Mitsue Kawamura, Michio Yoshimura, Hiromi Asada, Mitsuhiro Nakamura, Yukinori Matsuo, Takashi Mizowaki
Radiation Oncology, 14(14) 14-14, 2019 Peer-reviewed
BACKGROUND AND PURPOSE: We created a scoring system incorporating dosimetric and clinical factors to assess the risk of severe, acute skin reactions in patients undergoing intensity-modulated radiation therapy (IMRT) to treat head and neck cancer (HNC). MATERIALS AND METHODS: A total of 101 consecutive patients who received definitive IMRT or volumetric modulated arc therapy (VMAT) with a prescription dose of 70 Gy to treat HNC between 2013 and 2017 in our hospital were enrolled. Skin V5Gy, V10Gy, V20Gy, V30Gy, V40Gy, V50Gy, and V60Gy values delivered 5 mm within the body contour were compared between patients with Grades 1-2 and Grade 3 dermatitis. A scoring system was created based on logistic regression analysis (LRA) that identified the most significant dosimetric and clinical factors. RESULTS: The V60Gy was significantly associated with radiation dermatitis grade in both LRA and recursive partitioning analysis (RPA).

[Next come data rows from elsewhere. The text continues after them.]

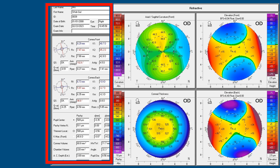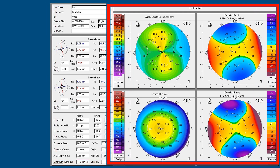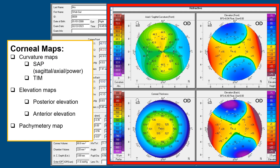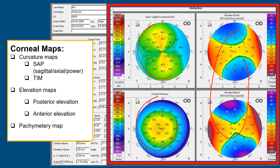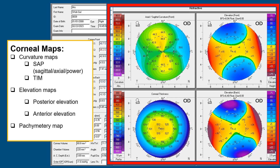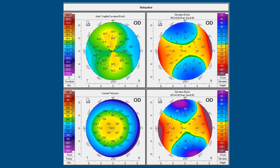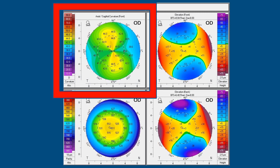We have done the left-hand parameters. Now we are going to shift to the right-hand parameters in the four maps. These maps are the curvature maps, elevation maps, and pachymetry maps as already discussed. We'll take them one by one, starting with the axial or sagittal map.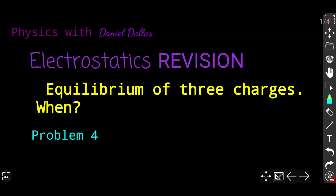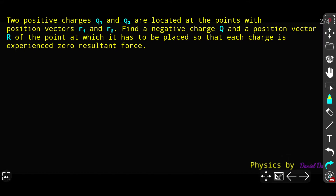Hey YouTube, we continue doing a revision related to electrostatics — it's all about static charges and static electricity. Now it's time to figure out under which circumstances a specific system of charges is in equilibrium. The problem is simple: you'll be given two charges set up at specific points, and you need to place a third charge so that all three charges experience a resulting force equal to zero.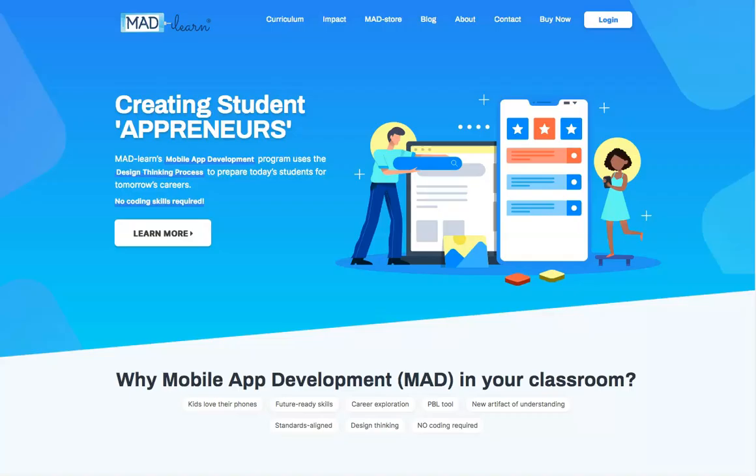So there you have it. This introductory overview should give you a good starting point as you begin to explore MAD Learn, a truly unique and exciting program for students in grades 3 through 12.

A scoring system incorporating the V60Gy, concurrent chemotherapy status, age, and body mass index was used to divide all patients into three subgroups (0-1, 2-3, and 4-6 points) in the RPA. The incidence of Grade 3 dermatitis significantly differed among the subgroups (0, 20.5, and 58.6%, respectively, P < 0.01). CONCLUSIONS: A risk analysis model incorporating dose-volume parameters successfully predicted acute skin reactions and will aid in the appropriate management of radiation dermatitis.